System reliability is becoming a significant concern as technology continues to shrink. This is because of increasing variation in circuit characteristics seen in nanometer-scaled microsystems. These variations in semiconductor manufacturing manifest as increasing fault rates in devices, rising soft errors, and timing errors caused by accelerated aging in circuits. This dissertation seeks software-based techniques to detect, recover, and prevent such errors in compute and memory components.
Software-based error detection and recovery techniques suffer from high-performance penalty to the overall system. This thesis presents methods that minimize the performance overhead of software-based error mitigation. In particular, this work proposes two techniques for effective software-based error detection in compute units: fingerprinting and cross-laneinstruction. Fingerprinting combines multiple error detection events into one event by hashing, and cross-lane instruction enables error checking via low latency register-level communication. Furthermore, to reduce the performance overhead of software-based recovery, this thesis explores Application-Specific Approximate Recovery (ASAR). ASAR trades-off output quality to reduce the performance penalty of software-based recovery.

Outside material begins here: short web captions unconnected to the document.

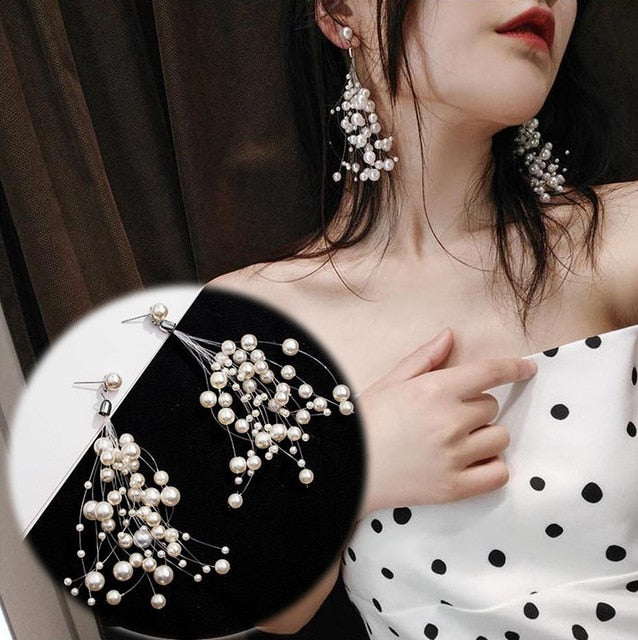 Glamour Sexy arco gota aros colgantes vintage - Shopeasywear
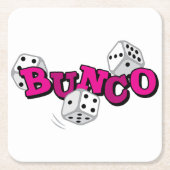 Bunco Dice Game Kartonnen Onderzetters (Voorkant)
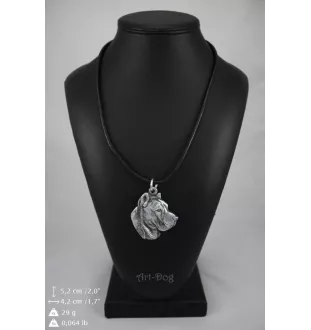 Presa Canario, Dogo Canario, Canary Mastiff - Dog necklace in gift box, silver-plated locket for dog fan, striking pendant by Art-Dog brand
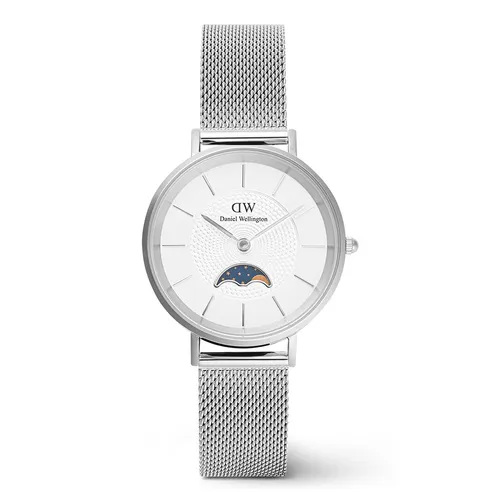 Đồng Hồ Nữ Daniel Wellington Petite Lune Sterling DW00100772 Màu Bạc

Variation affects not just compute but memory components, as well. For memory units, we focus on methods for proactive error prevention. Given the diversity of memory components in use, we focus on emerging Heterogeneous Memory Architectures (HMAs). An HMA consists of multiple memory modules with different performance and reliability characteristics. These differences can be caused by different types of memory modules, different error correcting codes, and effects due to aging. This thesis focuses on methods to place and move data items among memory modules in an HMA system with the goal of reducing the likelihood of encountering an error. Specifically, this work describes two novel data placement techniques: age-aware and vulnerability-aware data placement. The age-aware technique monitors the accumulation of faults in different memory modules as they age, while the vulnerability-aware technique estimates the vulnerability of data in memory to soft errors. The results presented in this work enable practical use of software-based error mitigation solutions for current and future hardware.